Motor Madness

Pistons rule in the world of Arizona Game and Fish

Time was, a hunter nobly tracked his quarry step by step through the forest primeval. His skills proving worthy, he'd down the prey, field-dress the kill and likewise pack out the proceeds, one foot after another.

Then came GPS, off-road vehicles and bulging waistlines. Now it seems many hunters hanker to do the deed with a bare minimum of human exertion.

If so, they have a splendid friend in the Arizona Game and Fish Department.

Eight years ago, in response to an increasingly trashed landscape, the U.S Forest Service decided to limit the acreage accessible by off-road vehicles. Known as the Travel Management Rule, this new policy would largely ban cross-country travel and restrict machines to a fixed set of roadways.
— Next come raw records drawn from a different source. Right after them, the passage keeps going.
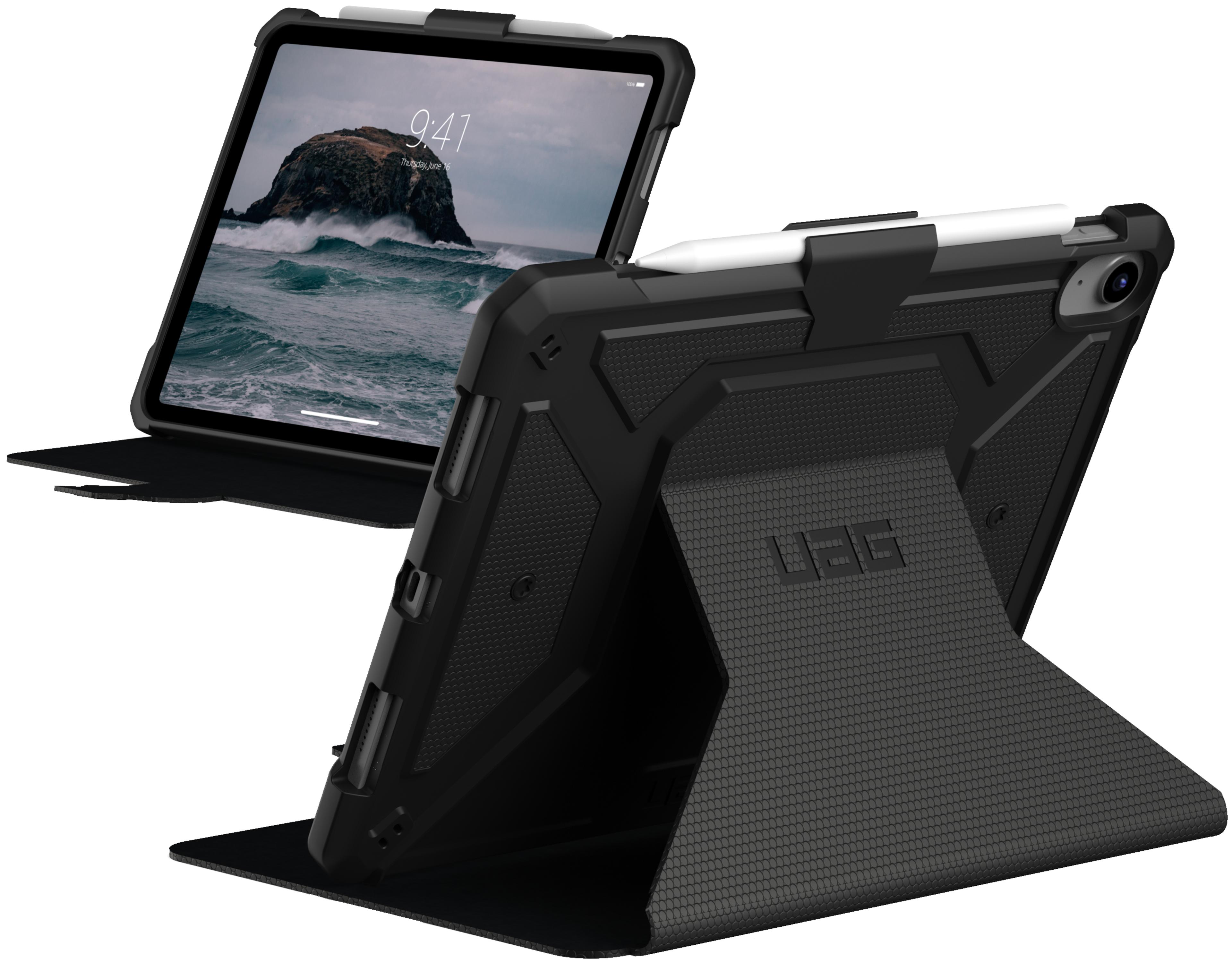 UAG Metro. iPad 11" (2025) /10.9" (2022)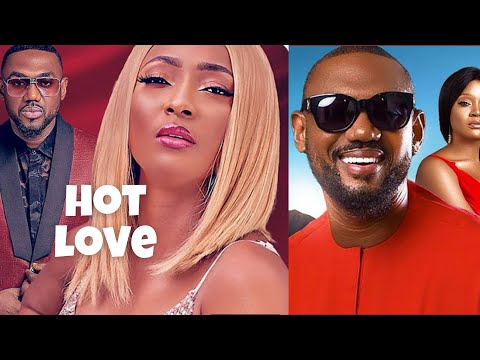 Hot Love (2023) Nollywood Movie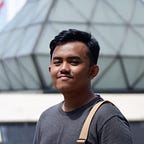 Ahmad Fahmi Pratama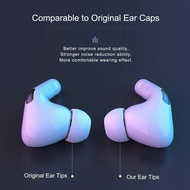 New HdoorLink Replacement Ear Tips for AirPods Pro and AirPods Pro 2nd Generation HdoorLink Penggant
These modest reforms brought the predictable howls from Game and Fish, which has long toadied to piston-powered sportsmen and their backcountry din. In nearly all cases, the department has agitated for maximum motorized access across Arizona's forests—despite its own survey showing that even a majority of hunters despise the racket made by increasingly abundant trucks and all-terrain vehicles in the outback.

"It is the policy of the Arizona Game and Fish Commission to place high priority on conserving existing access and modes of access upon public lands for hunting, fishing, trapping, shooting, wildlife watching, responsible off highway vehicle use, and other forms of outdoor recreation," says a draft department statement, "and to place high priority on improving access upon such lands in areas of the State where access is currently difficult or nonexistent."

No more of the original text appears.